- _Task prompt_: If a record contains a picture, drop the picture and copy everything else exactly.

= = = =

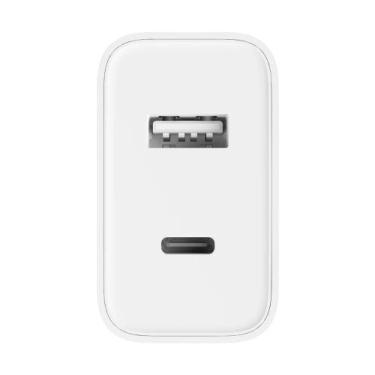 Imagem de Carregador Xiaomi AD332EU - USB/Tipoc - 33W - Branco
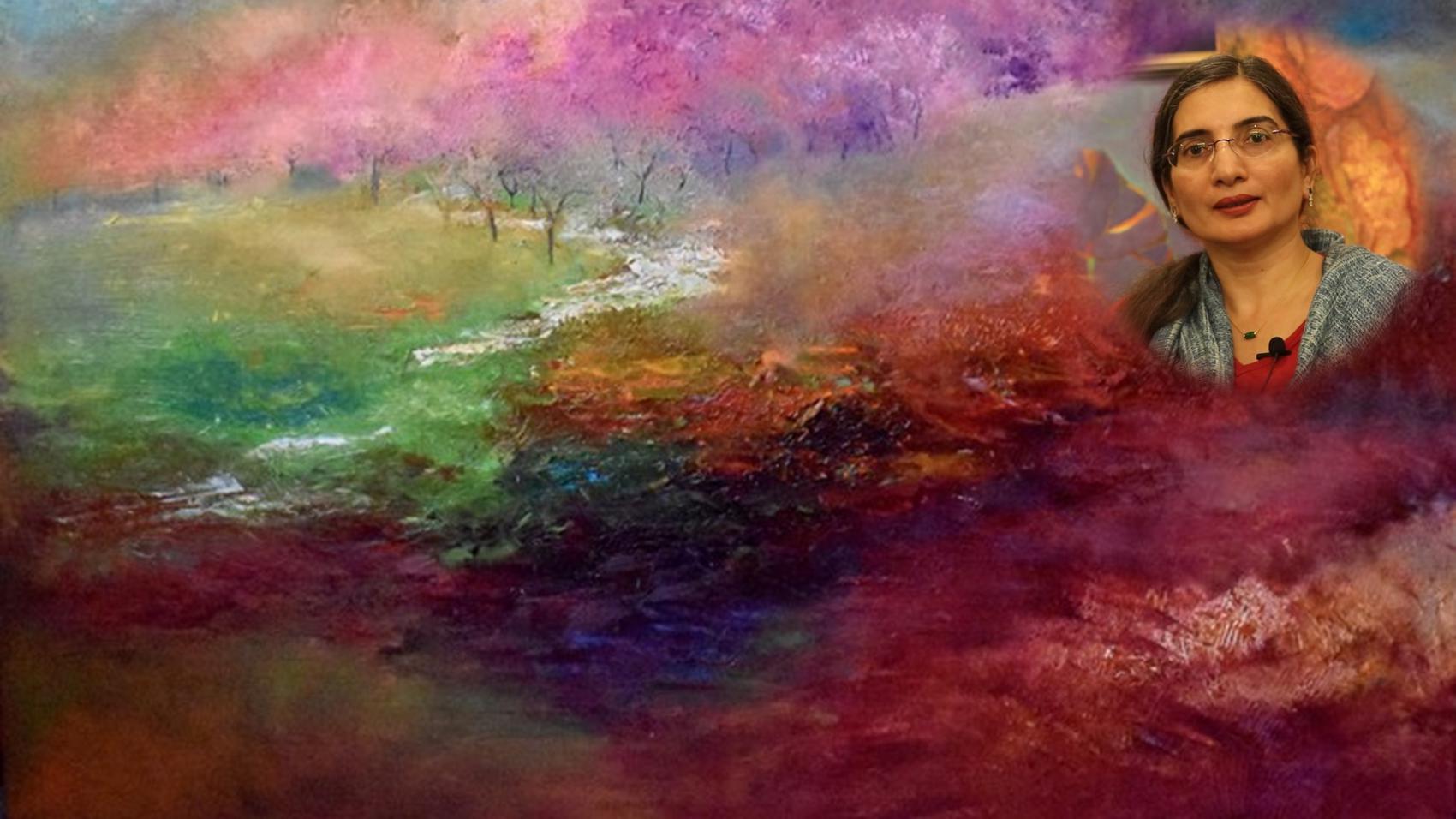 Career in Oil Painting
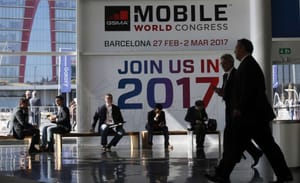 New Technologies Fascinate Visitors of Mobile World Congress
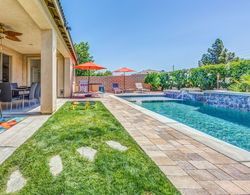 Magnolia by Avantstay Magnificent Coachella Valley Oasis w/ Pool & Spa İç Mekan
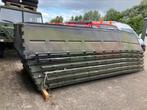 Aluminium legerboot / platbodem / visboot / karperboot, Watersport en Boten, Vis- en Consoleboten, Ophalen, Aluminium, MLF, MLF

= = = =

- _Result for this exercise_:
 Imagem de Carregador Xiaomi AD332EU - USB/Tipoc - 33W - Branco
 Career in Oil Painting
 New Technologies Fascinate Visitors of Mobile World Congress
 Magnolia by Avantstay Magnificent Coachella Valley Oasis w/ Pool & Spa İç Mekan
 Aluminium legerboot / platbodem / visboot / karperboot, Watersport en Boten, Vis- en Consoleboten, Ophalen, Aluminium, MLF, MLF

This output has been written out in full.